Günlük yaşamı içinde siyaseti de particiliği de olmayan; ya da bu
konular kendi gündeminde önemli bir ağırlık taşımayan ve “siyaset
pazarlamasında alıcı durumda olan” sade vatandaş acaba nasıl bir “siyasi
müşteri” dir.
Neyi alır, neye burun kıvırır?
Partililer tamam.
Kara gecede kara toprak üzerinde yürüyen karıncayı işaret etseniz bile
onu görüp kendi partisine oy verir. Yani kendi siyasilerinin pazarladığı
umudun sürekli alıcısıdır da; aynı pazarda önüne çeşitli seçenekler
sunulan “sade vatandaş” acaba bunlardan hangisine talip olur?
Hangi örnek üzerinden giderseniz gidin, eğer sunulan iki ya da ikiden
fazla siyasi seçenek arasında birbirlerinden fazlaca farklı bir durum
yoksa, alıcı açısından öyle “çağ atlatacak, bir dönemi kapatıp yeni bir
dönem açacak” gibi önemli bir yönelim beklemek beyhudedir.
Bunun birinci nedeni, “sade” vatandaşın işin ayrıntısı ve özünden çok
“görüntüsüne” göre hareket etmesidir. İktidar partisi medya gücü ve
propaganda tekniğini iyi kullandığında toplumun önüne sunulan en ham
umutlar bile belirli bir pazar payı yakalarlar.
Geçmişteki “çılgın projeler” bunun en somut örnekleridir.
İkincisi, “eldeki kuş, daldaki kuş” meselesidir.
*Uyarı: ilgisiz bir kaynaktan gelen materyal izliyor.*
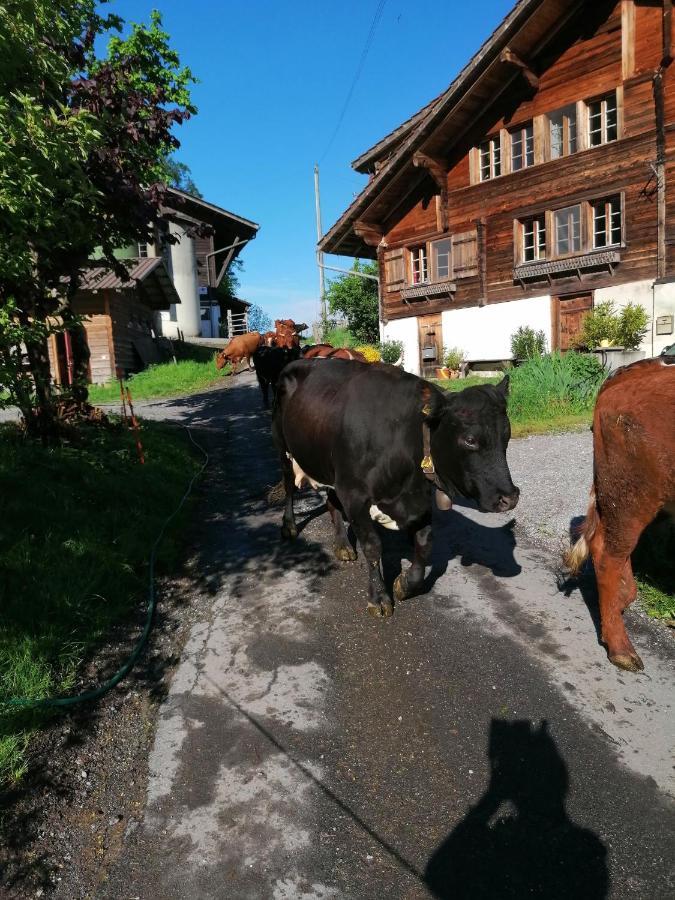 Appartement Brunners Harzerhof à Iseltwald Extérieur photo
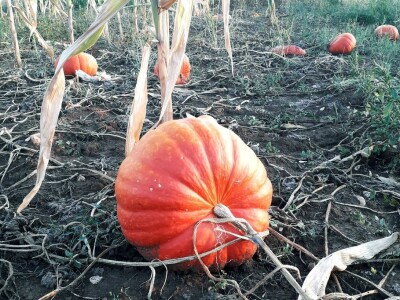 Ćiro Slow Food Ćiro Slow Food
Sade vatandaş, o umuda yönelirken yine de bunun ne kadar gerçekleşebilir olduğunu, garantisini sorgular.
Reklamcıların iyi bildiği “karşı tarafın menfaatine yönelik mesajlar”
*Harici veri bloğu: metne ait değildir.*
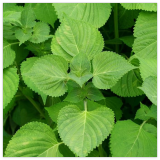 Green Shiso Seeds, Perilla, Plant, Korean Basil, Non-GMO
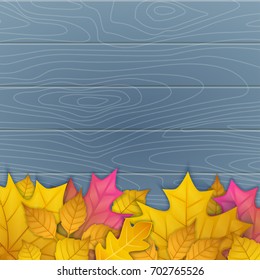 vector illustration of autumn leaves on wooden blue background. top view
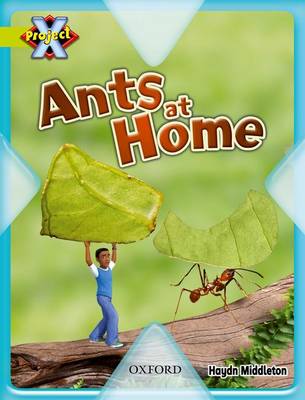 Project X: Underground: Ants at Home (Paperback)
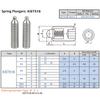 M4 M5 M6 M8 M10 M12 Spring Plungers with Round-ended Pin and 304 Stainless Hex Socket Screw Spring Pin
verme tekniğiyle eğer iktidar daha önce sağlanmış, somutlaşmış bazı
menfaatleri de gözler önüne seriyorsa ya da ortada somut bir şey
olmadığında bile bunu vadedenler zaten o gün bunu yapabilecek iktidara
sahipse, umut pazarlamasındaki başarının onlara daha yakın görüneceği
açıktır.
Üçüncüsü, muhalif siyasetin sattığı umudun her
hâlükârda iktidarın sattığı umuttan daha çarpıcı, insanlara daha cazip
gelebilecek türden ve daha gerçekçi olması gerekir.
“Biz işleri bu
iktidardan daha iyi yaparız, biz yolsuzluğa meydan vermeden yürütürüz”
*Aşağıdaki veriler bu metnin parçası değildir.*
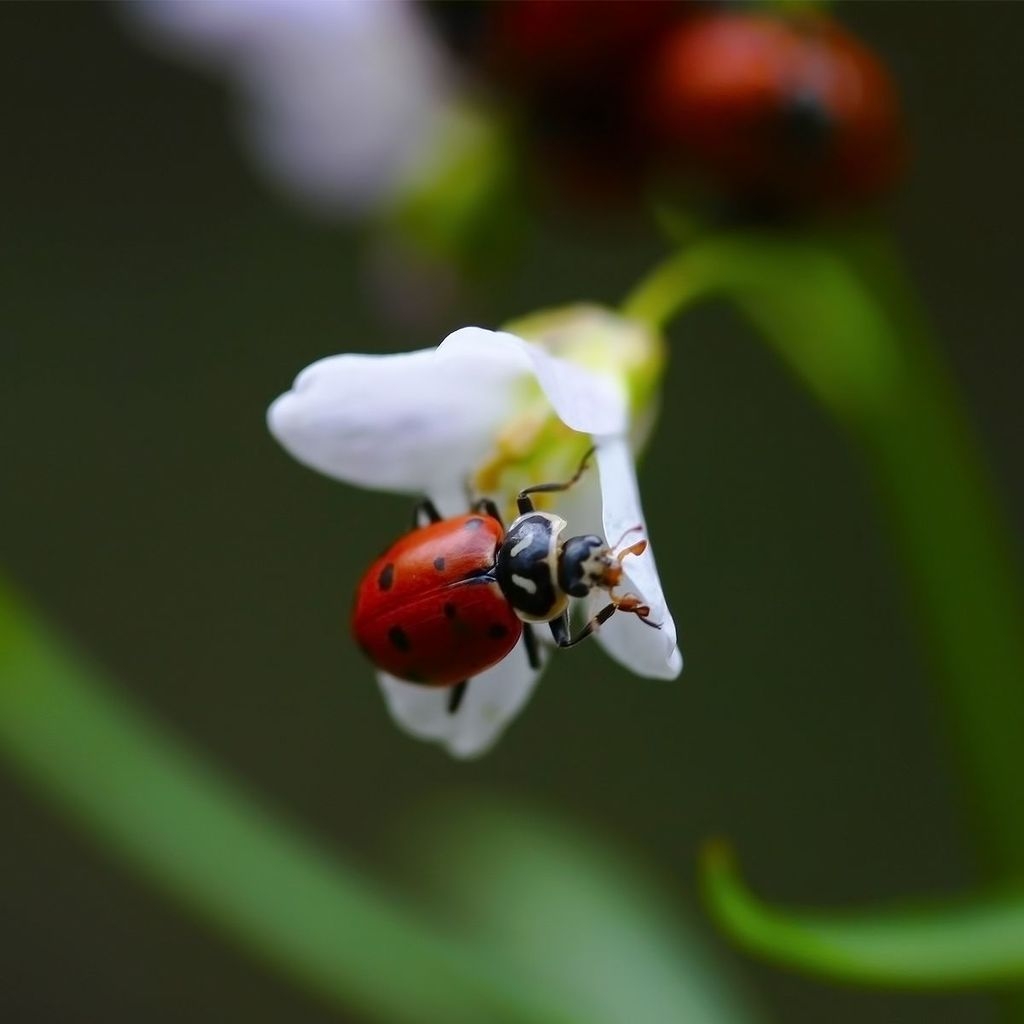 Ladybug on White Flower for 1024 x 1024 iPad resolution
türü pazarlama sade vatandaşın kafasında köklü tercih değişiklikleri
yaratacak algılamalar yaratamaz.
Muhalefet açık-ara ile farklı
bir model, açık-ara farklı bir cazibe sunmadıkça, birbirine benzer
şeylerin pazarlanmasında derde deva bir fark yaratarak arayı kapatma
şansı olamaz.
Projeler karşı tarafınkiyle benzeştikçe “ama biz
her zaman onlardan daha iyi yaparız” mesajı sade vatandaşta çok fazla
inandırıcılık taşımaz.
“Bak bu işi biz yaparsak öyle yolsuzluk da yapmayız” vaadi de insanların beklentisini pek fazla etkilemez.
Çünkü sade vatandaş bu işlerde daha çok kendilerine yarar vadeden
“bardağın dolu tarafıyla” ilgilenir; boş tarafının kimin boğazından
geçtiği ile değil.
*
Peki, muhalif siyasetin umut dağıtacağı, alıcısının bol olduğu alan nedir diye sorulacak olursa son olarak ondan da söz edelim:
Bakın topluma.
İnsanları işsizse, iş bulmuş olanları bile canından bezmişse, emeklisi
ikinci sınıf vatandaş işlemi görüyorsa, öğrencisi istikbal endişesi
içinde, esnafı günden güne erimekte ise tabii ki onlara bir sol parti
olarak sunulacak umut da mutlaka bu sosyal yapının ilgi alanı
çerçevesinde ve beklentileri yönünde yeşertilmelidir.
Hem de en çarpıcı ölçeklerde.
Asi takdirde o hengâmelerden baki kalan, olsa olsa hoş birer seçim sadası olur.